Estimates of this charge propagation velocity seem to vary
between 13800 times the speed of light and 25000 times the
speed of light.
Feynman calculated the speed of charge to be practically
infinite and was quite puzzled by these results.
I have been working to discover a way to calculate and/or
measure this speed.
But it certainly clears up the "pilot wave" question and
helps to resolve how this phenomenon occurs.
Chip
-----Original Message-----
From: General [mailto:general-bounces+chipakins=gmail.com at lists.natureoflightandparticles.org]

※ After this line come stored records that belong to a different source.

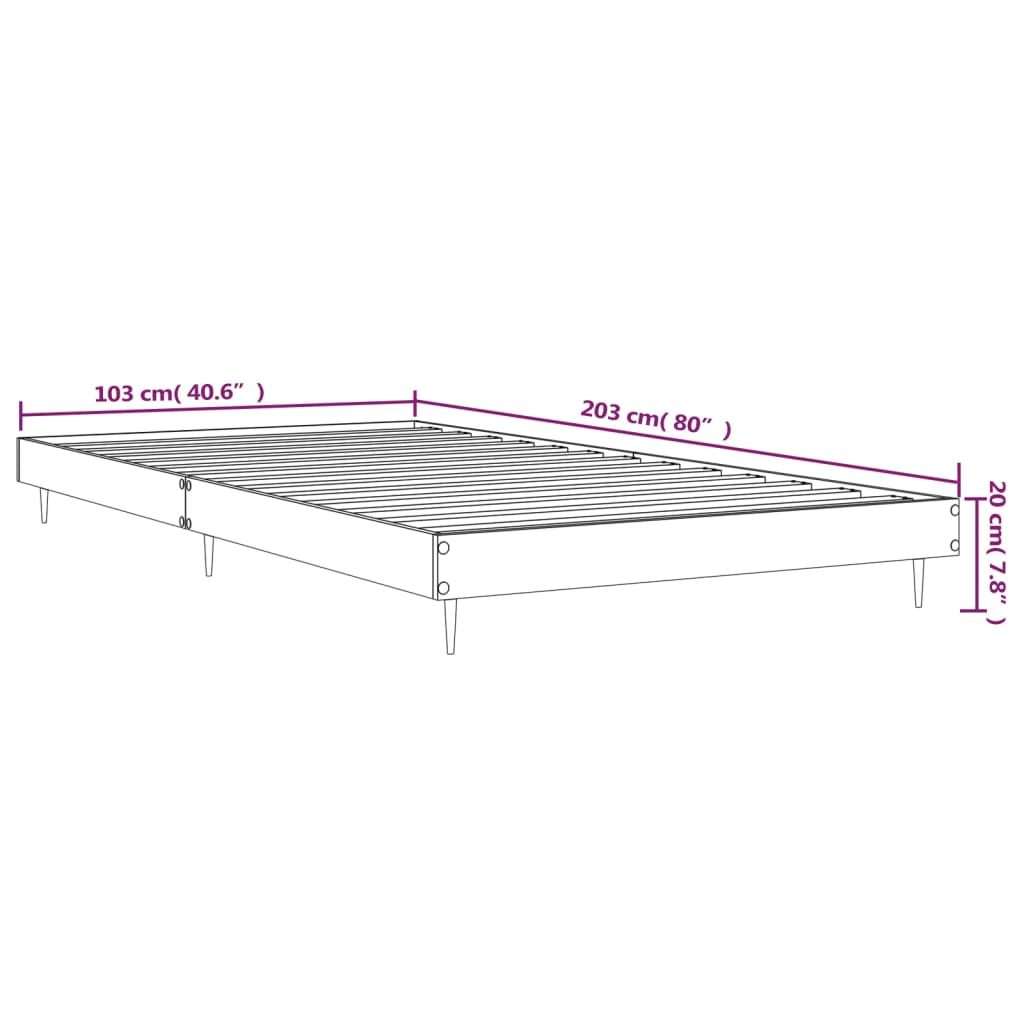 Sängram utan madrass rökfärgad ek 100x200 cm konstruerad trä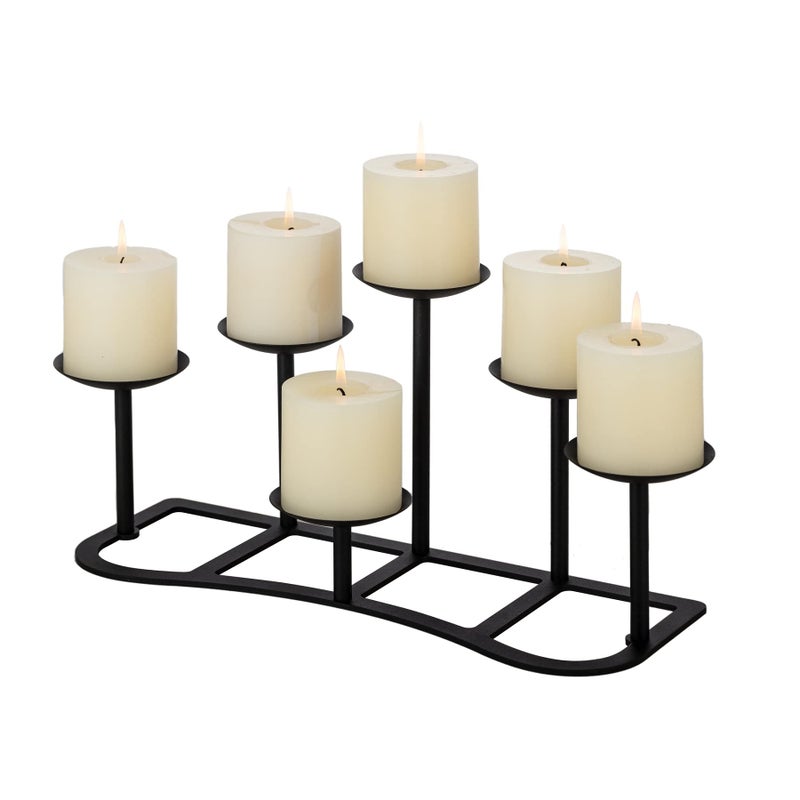 DIY 6 Fireplace Candelabra Candle Holder for Flameless or Wax Pillar Candle  Black Matte Branch Candle Display Stand for Table Centerpieces Wedding Party
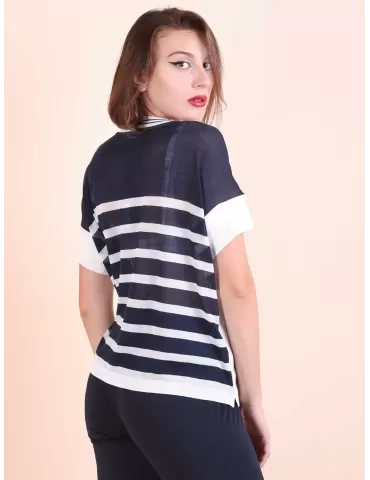 Riva Tricot blue and white striped knitted silk kimono blouse shirt 2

On Behalf Of ANDREW WORSLEY
Sent: Friday, February 17, 2017 6:28 AM
To: Nature of Light and Particles - General Discussion
<general at lists.natureoflightandparticles.org>
Subject: Re: [General] On photon momentum
Hi Chip,
I like your approach
Question how much faster than c did the elctron charge
propagate?
Andrew
========================================
Message Received: Feb 14 2017, 06:06 PM
From: "Chip Akins"
To: "'Nature of Light and Particles - General Discussion'"
Cc:
Subject: Re: [General] On photon momentum
Hi John D
Yes. Size is not really the issue. It is the transverse
displacement distance which is of significance. How far does
the transverse wave displace space? That distance (size) is
the “radius” or “sinusoidal displacement extent” of
the transverse wave. A transverse sinusoidal wave has a
specific wavelength, and since it has that specific
wavelength and the function is sinusoidal, there is a
displacement extent which must be the wavelength divided by
2 pi. That is what the sine function is, and that is how
transverse waves work. This holds for transverse waves in
any media.
However the similarities between space and physical media
cease at a point. We know this because no physical media
reacts to transverse waves the same way space does.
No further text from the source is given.